Başbakan Tayyip Erdoğan,26 Şubat günü 59. yaşına girdi. Yeni yaşı ve tüm yaşamı sağlıklı geçsin, ama en önemlisi evrensel hukuk, demokrasi ile özgürlükler alanında Türkiye toplumuna güzellikler ve mutluluk gelmesi için başarılı adımlar atsın. Enerji ve mesaisi halka iyi hizmetlere vesile olsun. İyi ki varsın Sayın Tayyip Erdoğan, eksiklikler olsa da ekipçe birçok işler, başardığın memleket yönetimini şeffaflaştırdığın ortadadır. Sizi dünyaya getiren merhum validenize bu vesile ile bir kez daha rahmet ve teşekkür etmek gerekir. Aslında “marifet iltifata tabidir.” Güzel işlere ve şahsınıza methiye dizme gereği duymuyorum çünkü buna ihtiyacınız da yok. Zaman zaman eleştirel yazılar kaleme alsam da yaptığınız başarılı işler inkâr edilemez.
Birinci sınıf bir demokrasiye, evrensel hukuka bu ülkenin kavuşturulması behemehâl ihtiyaçtır. Her alanda değişim ve dönüşümü evrenselliği ilke edinerek, demokrasiyi içselleştirerek, hukuk alt yapısını oluşturarak, bu yöntemle ülkeyi insanileştirmek halk, toplum ve yöneticiler açısından her bakımdan avantajlıdır. Başbakan Tayyip Erdoğan şahsında Ak Parti’nin ilk iktidara geleceği zaman hedeflediklerinin yapılması bu ülke ve gelecek nesiller için önemli ihtiyaçtır. 
Çünkü en gelişmiş demokratik sistemleri olan devletler bile, nasıl iyi olabiliriz noktasında sistemlerini, kurumlarını dolaysıyla yöneticilerini kendilerini sorguluyorlar.  
Başbakan Tayyip Erdoğan ve Ak Parti, şu gerçeği mutlaka çok net ve hızlı görmeli, kavramalıdır. 
“Halen bu ülkede seçilmiş insanlar siyasi yollarla, diyaloglarla sorun çözemiyorlarsa, bütün bu yollarla sonuç alamıyorsa, baskıcı ve zorbaca tutumlardan dolayı belli bir kesimin bariz şikâyetleri varsa, açlık grevlerine süresiz, ölüm oruçlarına insanlar halkın seçilmişleri hayatlarını bedenlerini yatırıyorsa bu zulmün dayanılamaz ve yaşanmaz boyutlardaki göstergesidir.“
Ak parti ülkedeki şeffaflaştırma sonucu şu hususta ki gerçeği de çok net gördü.

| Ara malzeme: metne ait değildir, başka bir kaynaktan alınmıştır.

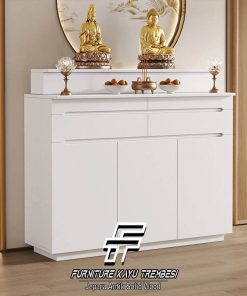 Meja Persembahan Doa Buddha Model Drawer Solid Duco Color FT-207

Bu memlekette ne kadar çetrefili, alengirli işler varsa tamamı devletin bizatihi kendisinin tertiplediğini manipüle ettiği ayan beyandı ancak şimdi ise cumhuriyet savcıları ve yargıçlar tarafından mahkeme ilamlarına geçti ki, bu pis işlerin söylentiden ibaret olmadığı gerçeği daha net tescillendi.  Aleni ortada dönen görülen şu ki, Bu devlet dar gelirli fakir çocukların üzerinde bu kadar kirli emelleri istismarı yapmış. Bir ülkede bu kadar kendi vatandaşını, insanını suça teşvik eden bir devlet yapısı ortaya çıkmış ve insani olmaktan uzaklaşılmış. Böyle bir devlet yapısını yönetmenin bile vebalı çok ağırdır.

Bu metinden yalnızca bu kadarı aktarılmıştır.